### Exercise
Transcribe, verbatim, every line from the start of the entries through the line that contains "Milwaukee 48-73-5301 AR/FR"; include both boundary lines and omit all others.

[Brief descriptive captions]
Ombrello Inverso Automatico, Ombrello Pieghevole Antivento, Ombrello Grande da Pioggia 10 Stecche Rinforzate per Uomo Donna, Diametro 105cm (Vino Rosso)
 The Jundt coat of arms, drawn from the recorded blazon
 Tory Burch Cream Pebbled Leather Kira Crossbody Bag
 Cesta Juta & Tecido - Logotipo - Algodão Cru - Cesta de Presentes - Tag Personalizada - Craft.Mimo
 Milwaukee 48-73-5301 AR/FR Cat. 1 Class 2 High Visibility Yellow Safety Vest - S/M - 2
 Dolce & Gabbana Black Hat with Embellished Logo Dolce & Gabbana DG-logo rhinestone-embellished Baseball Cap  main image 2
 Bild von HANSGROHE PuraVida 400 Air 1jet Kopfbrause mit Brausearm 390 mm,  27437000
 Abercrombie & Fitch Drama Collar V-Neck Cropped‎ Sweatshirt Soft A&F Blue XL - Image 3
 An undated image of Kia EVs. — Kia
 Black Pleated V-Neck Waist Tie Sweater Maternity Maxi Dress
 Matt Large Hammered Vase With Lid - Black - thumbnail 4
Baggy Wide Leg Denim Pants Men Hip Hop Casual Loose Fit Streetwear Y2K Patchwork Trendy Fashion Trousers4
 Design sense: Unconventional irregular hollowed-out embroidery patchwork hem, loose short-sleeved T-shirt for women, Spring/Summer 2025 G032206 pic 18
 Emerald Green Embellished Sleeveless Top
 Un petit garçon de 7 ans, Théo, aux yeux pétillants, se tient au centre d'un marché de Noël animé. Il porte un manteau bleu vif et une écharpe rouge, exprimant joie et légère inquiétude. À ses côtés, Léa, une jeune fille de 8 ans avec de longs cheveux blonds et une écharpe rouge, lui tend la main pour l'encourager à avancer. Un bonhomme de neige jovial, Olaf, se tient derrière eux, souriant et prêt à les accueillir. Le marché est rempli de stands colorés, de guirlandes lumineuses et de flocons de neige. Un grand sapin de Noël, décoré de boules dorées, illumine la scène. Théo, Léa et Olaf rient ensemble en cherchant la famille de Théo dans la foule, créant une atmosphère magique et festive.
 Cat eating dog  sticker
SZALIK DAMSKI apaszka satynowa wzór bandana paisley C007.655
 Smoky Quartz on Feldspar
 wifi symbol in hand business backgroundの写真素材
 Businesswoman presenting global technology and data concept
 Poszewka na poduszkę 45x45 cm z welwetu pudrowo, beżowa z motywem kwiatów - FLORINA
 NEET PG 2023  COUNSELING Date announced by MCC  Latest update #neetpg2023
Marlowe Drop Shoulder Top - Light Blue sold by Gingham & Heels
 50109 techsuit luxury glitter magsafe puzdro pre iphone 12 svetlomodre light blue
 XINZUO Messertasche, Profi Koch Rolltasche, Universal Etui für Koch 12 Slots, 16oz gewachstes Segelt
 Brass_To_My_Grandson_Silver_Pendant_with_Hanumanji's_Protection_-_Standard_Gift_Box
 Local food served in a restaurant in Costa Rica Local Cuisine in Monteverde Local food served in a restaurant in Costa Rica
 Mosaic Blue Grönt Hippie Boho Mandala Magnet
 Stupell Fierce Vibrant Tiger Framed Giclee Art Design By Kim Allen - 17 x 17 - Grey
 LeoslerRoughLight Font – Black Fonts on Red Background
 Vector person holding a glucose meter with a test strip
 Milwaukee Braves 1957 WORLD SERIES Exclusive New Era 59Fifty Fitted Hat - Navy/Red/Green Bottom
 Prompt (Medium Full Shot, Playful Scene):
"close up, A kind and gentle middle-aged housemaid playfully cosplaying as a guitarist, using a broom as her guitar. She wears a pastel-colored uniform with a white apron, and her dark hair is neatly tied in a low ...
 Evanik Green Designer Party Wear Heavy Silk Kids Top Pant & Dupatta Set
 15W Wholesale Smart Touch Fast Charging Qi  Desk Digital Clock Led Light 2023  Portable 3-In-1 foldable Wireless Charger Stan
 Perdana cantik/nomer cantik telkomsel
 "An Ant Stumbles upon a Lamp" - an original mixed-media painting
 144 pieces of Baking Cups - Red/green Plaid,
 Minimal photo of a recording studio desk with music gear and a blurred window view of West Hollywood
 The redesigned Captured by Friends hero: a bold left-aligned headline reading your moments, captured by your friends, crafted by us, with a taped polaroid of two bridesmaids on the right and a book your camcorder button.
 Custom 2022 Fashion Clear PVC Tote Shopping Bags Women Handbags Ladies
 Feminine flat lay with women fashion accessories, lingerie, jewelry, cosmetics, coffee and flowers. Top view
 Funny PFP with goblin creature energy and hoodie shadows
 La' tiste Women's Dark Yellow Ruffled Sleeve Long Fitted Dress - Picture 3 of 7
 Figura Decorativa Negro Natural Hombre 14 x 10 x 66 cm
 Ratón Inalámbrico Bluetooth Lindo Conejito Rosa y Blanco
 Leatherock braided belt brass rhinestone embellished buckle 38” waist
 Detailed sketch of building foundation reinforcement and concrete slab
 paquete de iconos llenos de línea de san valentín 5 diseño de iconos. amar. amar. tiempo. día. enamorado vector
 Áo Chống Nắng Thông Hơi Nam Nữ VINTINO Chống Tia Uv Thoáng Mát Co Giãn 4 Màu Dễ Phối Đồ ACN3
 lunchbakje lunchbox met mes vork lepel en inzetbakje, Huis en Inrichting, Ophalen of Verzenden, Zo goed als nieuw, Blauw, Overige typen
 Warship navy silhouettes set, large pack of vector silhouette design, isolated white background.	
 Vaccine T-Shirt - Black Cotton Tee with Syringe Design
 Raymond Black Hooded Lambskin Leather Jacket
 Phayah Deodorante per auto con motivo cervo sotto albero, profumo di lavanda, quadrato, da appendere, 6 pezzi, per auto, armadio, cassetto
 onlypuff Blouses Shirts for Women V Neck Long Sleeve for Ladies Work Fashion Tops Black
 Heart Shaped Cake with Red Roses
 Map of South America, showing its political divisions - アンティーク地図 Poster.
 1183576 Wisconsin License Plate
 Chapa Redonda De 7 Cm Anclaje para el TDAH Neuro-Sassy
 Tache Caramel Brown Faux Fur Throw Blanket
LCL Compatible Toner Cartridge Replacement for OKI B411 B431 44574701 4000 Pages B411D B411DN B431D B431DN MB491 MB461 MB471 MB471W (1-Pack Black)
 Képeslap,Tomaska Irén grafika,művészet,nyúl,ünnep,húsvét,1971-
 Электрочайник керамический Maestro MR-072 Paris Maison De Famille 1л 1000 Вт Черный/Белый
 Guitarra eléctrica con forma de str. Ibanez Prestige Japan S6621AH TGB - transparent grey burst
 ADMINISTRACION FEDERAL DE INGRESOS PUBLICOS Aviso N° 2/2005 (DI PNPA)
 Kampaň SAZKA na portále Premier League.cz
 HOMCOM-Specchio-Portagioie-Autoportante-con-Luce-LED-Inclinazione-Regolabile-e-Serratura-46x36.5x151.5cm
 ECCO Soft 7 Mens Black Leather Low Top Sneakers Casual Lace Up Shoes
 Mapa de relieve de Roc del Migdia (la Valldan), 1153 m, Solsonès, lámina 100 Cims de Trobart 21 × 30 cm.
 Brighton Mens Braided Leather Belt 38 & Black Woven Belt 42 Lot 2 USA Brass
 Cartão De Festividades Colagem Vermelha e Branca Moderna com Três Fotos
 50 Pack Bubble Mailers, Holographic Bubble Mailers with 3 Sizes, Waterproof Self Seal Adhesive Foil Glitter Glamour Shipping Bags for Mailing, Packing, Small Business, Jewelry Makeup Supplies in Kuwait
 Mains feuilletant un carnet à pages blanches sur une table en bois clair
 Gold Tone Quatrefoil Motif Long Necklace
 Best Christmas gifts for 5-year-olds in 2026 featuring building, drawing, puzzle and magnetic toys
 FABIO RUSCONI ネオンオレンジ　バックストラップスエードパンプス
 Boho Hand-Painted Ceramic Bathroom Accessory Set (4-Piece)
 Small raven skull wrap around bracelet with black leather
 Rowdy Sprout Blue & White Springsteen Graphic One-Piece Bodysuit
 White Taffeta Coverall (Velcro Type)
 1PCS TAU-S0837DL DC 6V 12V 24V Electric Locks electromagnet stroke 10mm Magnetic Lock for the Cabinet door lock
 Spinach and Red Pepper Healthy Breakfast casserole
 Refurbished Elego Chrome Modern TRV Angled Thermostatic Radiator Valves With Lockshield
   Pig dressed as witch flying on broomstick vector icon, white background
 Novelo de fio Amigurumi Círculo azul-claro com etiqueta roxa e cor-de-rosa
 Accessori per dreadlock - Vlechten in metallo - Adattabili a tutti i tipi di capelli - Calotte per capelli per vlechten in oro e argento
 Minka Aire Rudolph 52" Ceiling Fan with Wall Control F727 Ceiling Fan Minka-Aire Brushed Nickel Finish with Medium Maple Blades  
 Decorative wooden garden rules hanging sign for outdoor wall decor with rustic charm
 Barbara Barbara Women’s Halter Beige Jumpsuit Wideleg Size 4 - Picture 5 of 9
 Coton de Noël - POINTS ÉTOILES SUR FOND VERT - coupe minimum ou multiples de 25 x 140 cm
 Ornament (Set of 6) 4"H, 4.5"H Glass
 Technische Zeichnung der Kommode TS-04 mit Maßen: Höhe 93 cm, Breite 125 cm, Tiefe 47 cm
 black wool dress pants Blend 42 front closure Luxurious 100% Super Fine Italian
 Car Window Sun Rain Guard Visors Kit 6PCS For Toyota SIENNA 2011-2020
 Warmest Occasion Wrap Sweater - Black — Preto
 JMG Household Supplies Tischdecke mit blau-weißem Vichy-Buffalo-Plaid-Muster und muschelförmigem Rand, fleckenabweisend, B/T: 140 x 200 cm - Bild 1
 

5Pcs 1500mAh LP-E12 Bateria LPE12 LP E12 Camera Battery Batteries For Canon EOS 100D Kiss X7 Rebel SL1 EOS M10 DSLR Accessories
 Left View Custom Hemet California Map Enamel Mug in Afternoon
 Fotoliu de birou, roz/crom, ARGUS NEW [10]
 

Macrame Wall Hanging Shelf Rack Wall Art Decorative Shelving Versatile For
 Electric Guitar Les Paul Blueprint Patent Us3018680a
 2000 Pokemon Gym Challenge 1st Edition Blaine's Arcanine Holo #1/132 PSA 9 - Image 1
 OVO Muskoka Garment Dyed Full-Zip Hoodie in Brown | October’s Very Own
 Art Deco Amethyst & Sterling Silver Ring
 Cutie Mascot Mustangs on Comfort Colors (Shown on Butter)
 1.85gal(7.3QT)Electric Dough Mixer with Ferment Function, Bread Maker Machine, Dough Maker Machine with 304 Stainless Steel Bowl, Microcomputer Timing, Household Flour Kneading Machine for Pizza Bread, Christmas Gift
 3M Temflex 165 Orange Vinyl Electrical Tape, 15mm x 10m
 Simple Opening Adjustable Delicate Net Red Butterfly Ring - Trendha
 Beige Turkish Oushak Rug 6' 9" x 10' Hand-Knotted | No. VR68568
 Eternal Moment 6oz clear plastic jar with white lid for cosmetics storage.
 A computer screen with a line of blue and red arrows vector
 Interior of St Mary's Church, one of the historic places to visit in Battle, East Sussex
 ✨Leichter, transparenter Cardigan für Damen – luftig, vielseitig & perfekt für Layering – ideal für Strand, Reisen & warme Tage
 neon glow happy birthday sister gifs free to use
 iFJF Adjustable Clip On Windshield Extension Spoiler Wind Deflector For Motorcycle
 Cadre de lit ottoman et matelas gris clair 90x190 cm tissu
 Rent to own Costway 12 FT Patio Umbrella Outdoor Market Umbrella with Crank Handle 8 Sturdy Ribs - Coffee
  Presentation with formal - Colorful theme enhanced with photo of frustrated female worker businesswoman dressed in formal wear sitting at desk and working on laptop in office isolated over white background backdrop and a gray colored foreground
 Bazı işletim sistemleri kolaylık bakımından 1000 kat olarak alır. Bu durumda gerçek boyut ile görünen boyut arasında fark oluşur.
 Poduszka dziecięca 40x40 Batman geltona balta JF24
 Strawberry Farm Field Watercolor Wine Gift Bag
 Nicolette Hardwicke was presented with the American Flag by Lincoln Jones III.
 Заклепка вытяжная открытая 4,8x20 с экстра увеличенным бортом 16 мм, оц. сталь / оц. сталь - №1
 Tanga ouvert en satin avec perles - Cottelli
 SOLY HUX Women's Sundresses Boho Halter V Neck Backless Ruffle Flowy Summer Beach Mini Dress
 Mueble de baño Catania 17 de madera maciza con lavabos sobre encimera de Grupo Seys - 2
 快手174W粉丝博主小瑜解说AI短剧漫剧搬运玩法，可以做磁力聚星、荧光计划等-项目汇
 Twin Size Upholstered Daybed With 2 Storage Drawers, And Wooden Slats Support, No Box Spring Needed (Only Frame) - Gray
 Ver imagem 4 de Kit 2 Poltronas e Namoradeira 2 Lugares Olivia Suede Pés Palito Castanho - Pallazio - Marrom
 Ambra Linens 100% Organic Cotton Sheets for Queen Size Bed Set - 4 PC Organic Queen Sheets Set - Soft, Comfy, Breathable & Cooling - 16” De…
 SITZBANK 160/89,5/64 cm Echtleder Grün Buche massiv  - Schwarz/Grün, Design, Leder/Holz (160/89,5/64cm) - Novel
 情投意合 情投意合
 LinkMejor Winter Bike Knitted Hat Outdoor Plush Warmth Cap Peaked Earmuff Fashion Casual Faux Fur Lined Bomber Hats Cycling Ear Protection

### Exercise response
Ombrello Inverso Automatico, Ombrello Pieghevole Antivento, Ombrello Grande da Pioggia 10 Stecche Rinforzate per Uomo Donna, Diametro 105cm (Vino Rosso)
 The Jundt coat of arms, drawn from the recorded blazon
 Tory Burch Cream Pebbled Leather Kira Crossbody Bag
 Cesta Juta & Tecido - Logotipo - Algodão Cru - Cesta de Presentes - Tag Personalizada - Craft.Mimo
 Milwaukee 48-73-5301 AR/FR Cat. 1 Class 2 High Visibility Yellow Safety Vest - S/M - 2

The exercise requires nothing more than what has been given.